Skolnick got the Woodstock job through John Morris, the festival producer hired to obtain big-name acts, and designed the poster in three days with very few instructions. He came up with the phrase “3 days of peace & music” and, in contrast to the first poster Woodstock commissioned, by David Edward Byrd – which featured an elaborate design of a nude woman and was rejected for nudity – Skolnick relied on bright colors and paper cutouts in the style of Henri Matisse to draw attention. The vibrant red poster depicts a white catbird – a bird Skolnick had been drawing regularly on New York’s Shelter Island that summer – perched on the neck of a bright blue and green guitar, a hand wrapped around the fretboard.

Skolnick believes the poster has become iconic because “the whole festival was iconic” and because the it was effective, helping to draw a crowd of over 400,000 people to Bethel, New York, in 1969. Although much of the information about the festival spread by word of mouth, Skolnick’s design was printed nationally, including in Ramparts Magazine.

“It worked,” said Skolnick, now in his 80s, leaning over a reprinting of the poster in Wolfe’s studio in Portland. “The poster got the word out.”

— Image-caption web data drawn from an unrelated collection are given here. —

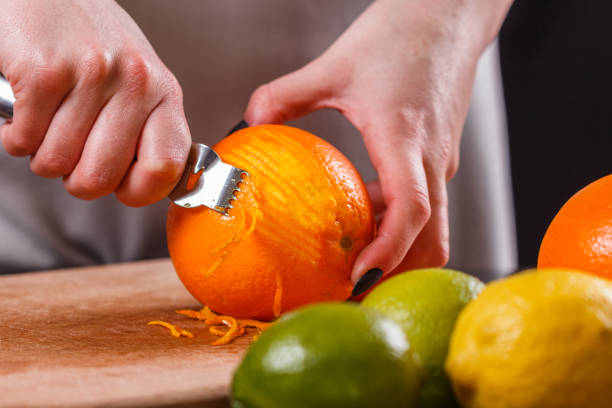 istock young woman in a gray aprons, cuts an orange zest 1144830833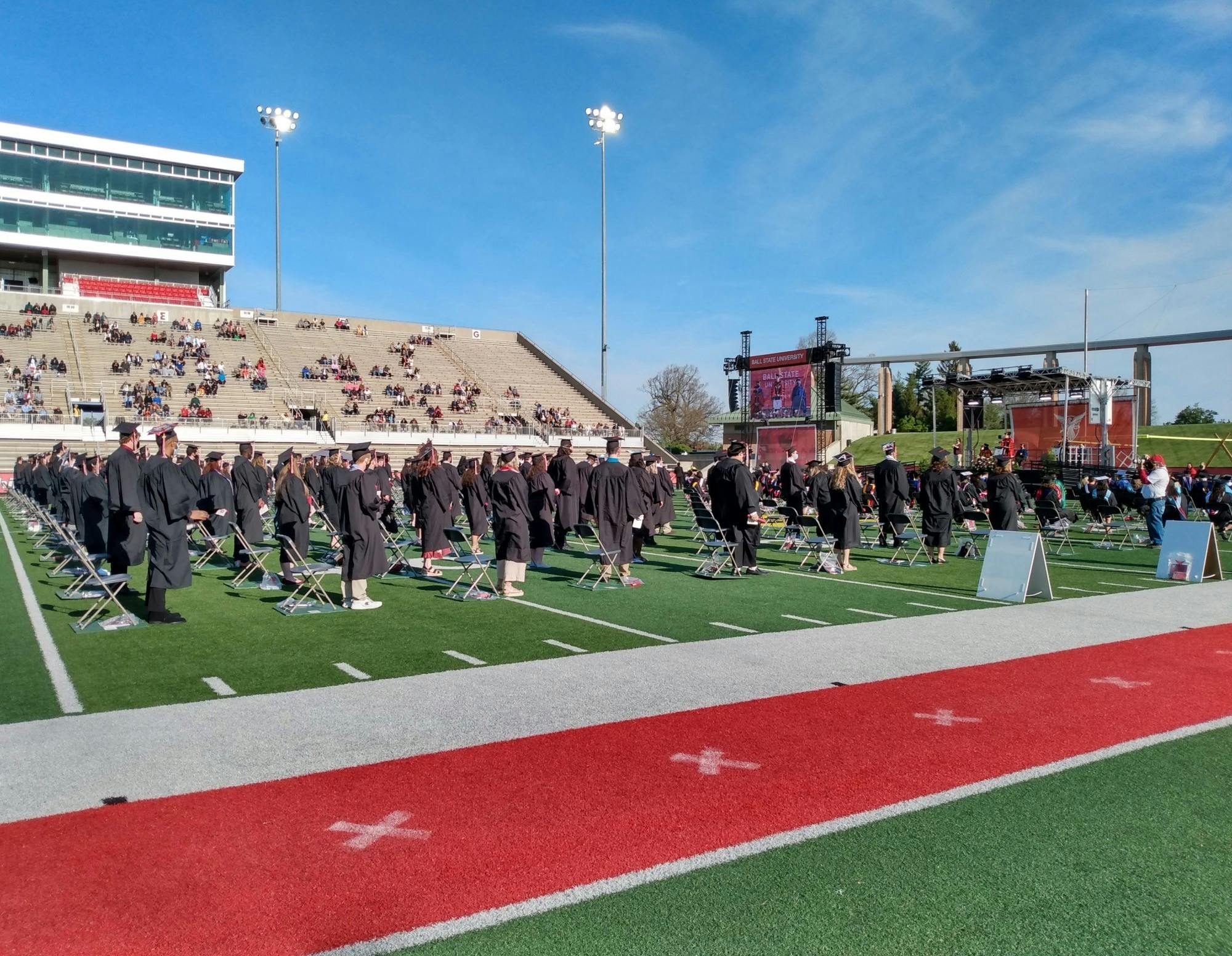 Ball State graduates from the classes of 2020 gather on the Scheumann Stadium turf May 15, 2021. Due to COVID-19, the university delayed commencement for a year, but invited graduates back to campus for a ceremony in spring 2021. Maya Wilkins, DN File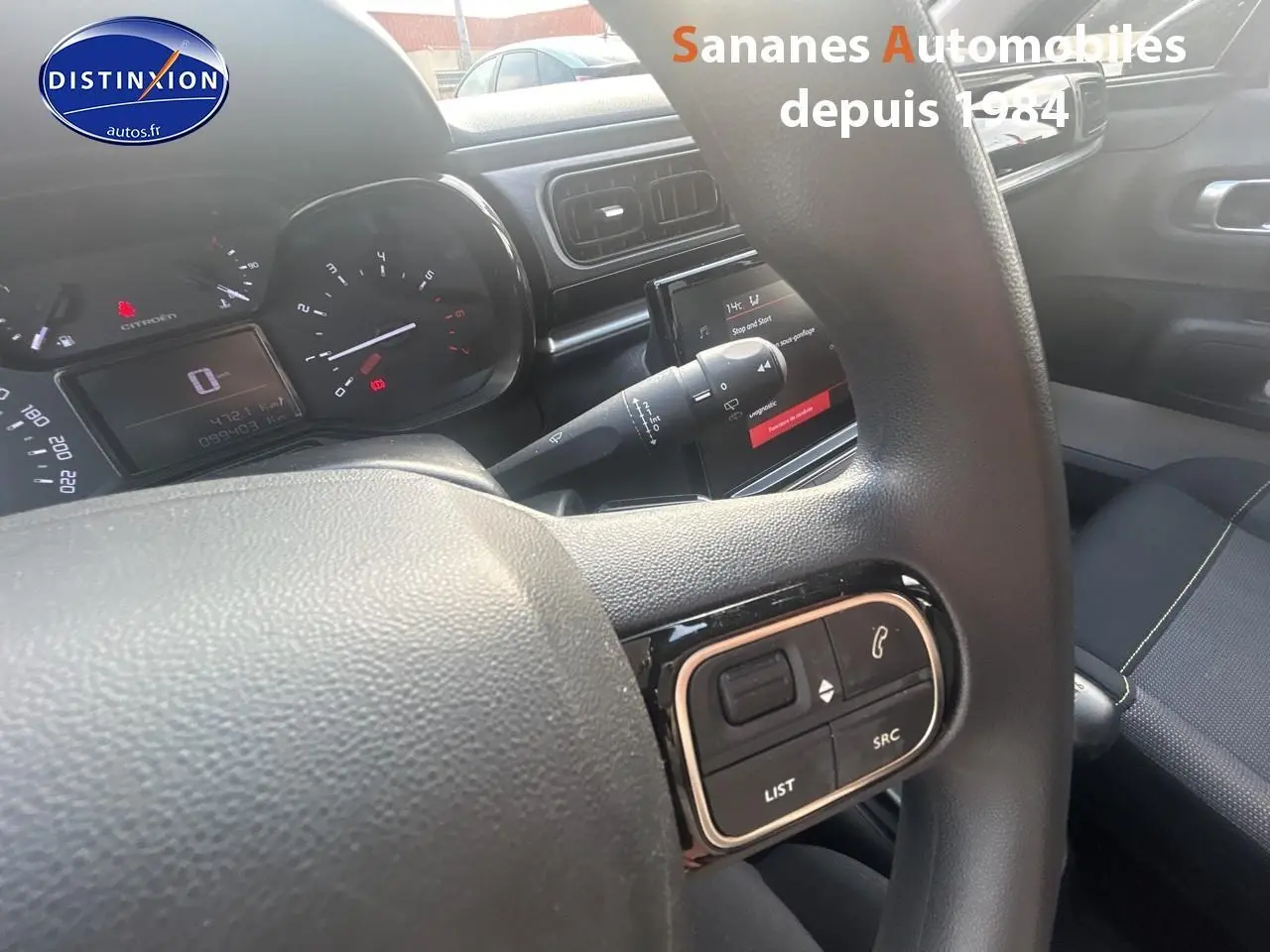 Vue intérieure centrée sur le volant avec commandes audio, tableau de bord et écran tactile de la Citroën C3 2023.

Wolfe, who studies poster design and collects posters from that era, views Skolnick’s design as a “breaking point” in art trends at the time.

“I think (the design) represented where society was going and what was happening in society,” Wolfe said. “The design represents the kids of the time. … It was in reaction against the status quo.”

“This is different than the posters that were being produced at the time,” Wolfe added.

The reprinted versions of the poster will be made using silk screening and as close to the original version as possible.

“In order to make something better than just the $9.99 ones you can get on the internet, I think it’s important to make it the original size, original color, original design,” Wolfe said. “We’re going to vary slightly on the process from what they did originally because it was just completely mass produced.”

Skolnick has worked in Maine before – he published the art book “Paintings of Maine” in 1991 and collaborated with Maine art writer Carl Little on various other collections such as “The Art of Monhegan Island,” which was published in 2004. This work led him to Moss, who has exhibited Skolnick’s art many times over the years, most recently in an exhibit entitled “Spinoza’s God: Paintings by Arnold Skolnick” in 2014.

Moss then connected with Wolfe, whom she described as “the man to go to” for printing of this kind. Wolfe’s studio contains a variety of antique printing machines, used for both fine art printing and fine press books.

“The project (with Skolnick) came to me, but I get people from all over the country calling me up to do projects because there’s so few places like this anymore,” Wolfe said. “I probably can count them on one hand, how many workshops there are like this.”

There are still details about the project to be worked out, such as how many  limited-edition posters will be printed, but once the process is complete, they will be signed by Skolnick and available for purchase.